Time for some pensions housekeeping

The Irish Association of Pension Funds (IAPF) estimates that there are €500 million worth of unclaimed pensions in Ireland

While recently helping a client draw down their pension benefits at retirement we discovered the client had six different pension policies in total (four they were aware of and two they had totally forgotten about).
The person in question had changed employment numerous times during their working life and weren’t aware of the pensions they had left behind in some cases.
With the economy picking up again, the workforce is now more mobile, the idea of a “job for life” is a thing of the past, it’s now quite common for people to move jobs numerous times throughout the course of their career. This can create its own problems when it comes to pensions, it can often be difficult to locate exactly where various bits of pension savings are – and this issue is further exacerbated for those who have lived and worked abroad.
These forgotten or misplaced pension funds can result in people missing out on pension savings that could make a big difference to their standard of living. The Irish Association of Pension Funds (IAPF) estimates that there are €500 million worth of unclaimed pensions in Ireland. Other estimates put the value as high as €1 billion!

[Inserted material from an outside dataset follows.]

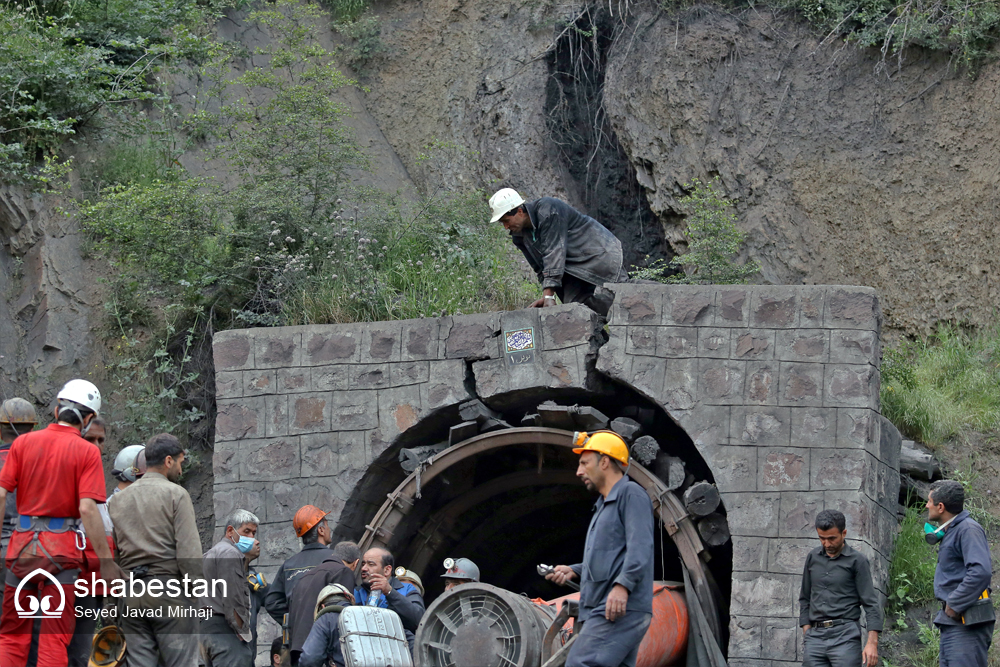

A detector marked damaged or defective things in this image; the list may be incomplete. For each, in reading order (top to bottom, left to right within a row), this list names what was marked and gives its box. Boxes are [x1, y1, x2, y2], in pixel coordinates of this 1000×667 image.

One of the most common mistakes people make is believing that tracing a pension from a previous employer is simply not worth the effort


The UK has a national pension tracing scheme however no such scheme exists in Ireland yet. In response to a Dail question in Feb 2019 Minister Regina Doherty indicated her department are currently working on setting up a scheme for when “the administrator of a pension scheme or a life company is unable to trace a member using their own resources they can use the Department of Social Protections resources”.
One of the most common mistakes people make is believing that tracing a pension from a previous employer is simply not worth the effort. This can often be a costly mistake to make. If you and your employer have paid into a pension for even just a few years, depending on when that pension was started, significant sums may have accrued over the years.
What should you do in relation to your own pension policies to ensure you don't lose out on any pension savings accumulated over your working life?
It is almost always in your best interest to join an employer's pension scheme as the employer will be paying into it. Once you have been in it for two years, you have a legal entitlement to the value of it. Whether or not you see yourself remaining with that particular employer until retirement age does not mean you can't benefit.
Try to hold on to some of the pension documentation from previous employers, this will have contact details of the trustees should you need to trace your pension in the future.
Make sure whoever administers a pension scheme in which you have been a member has your up-to-date address. Keep a list of companies to notify when you move. Also try to make sure these companies have contact details that are unlikely to change, such as personal email addresses or mobile numbers. Once your pension is due to be paid, the trustees have a legal duty to pay it and will make some efforts to find you.
However, that will be difficult if you have moved from the address that they have on file for you – and it will be even more difficult if you are living abroad.
While you are still employed, you get an annual statement setting out your benefits and the main contact details for the scheme. However, once you leave that employer, you no longer automatically receive that information. You can ask for updates on your pension from the pension scheme administrator and they are obliged to provide these to you. You should do this at regular stages to help plan for retirement.
You have the right to transfer any past pension benefits you have into your current pension. You can also convert the value of your former employer's pension into what's called a Buy-out Bond. This will give you more control over how and where the value of your pension is invested so that it better reflects your appetite for investment risk and reward. It may not always make financial sense to transfer or consolidate a pension and it is important to seek independent financial advice before doing so.
If you are having difficulty working out where your pension is, contact former colleagues, the regulator or the Pensions Authority.
It is ultimately the responsibility of each individual employee to keep track of what they are entitled to, a few simple measures taken now may eliminate a lot of additional stress when it comes to retirement age.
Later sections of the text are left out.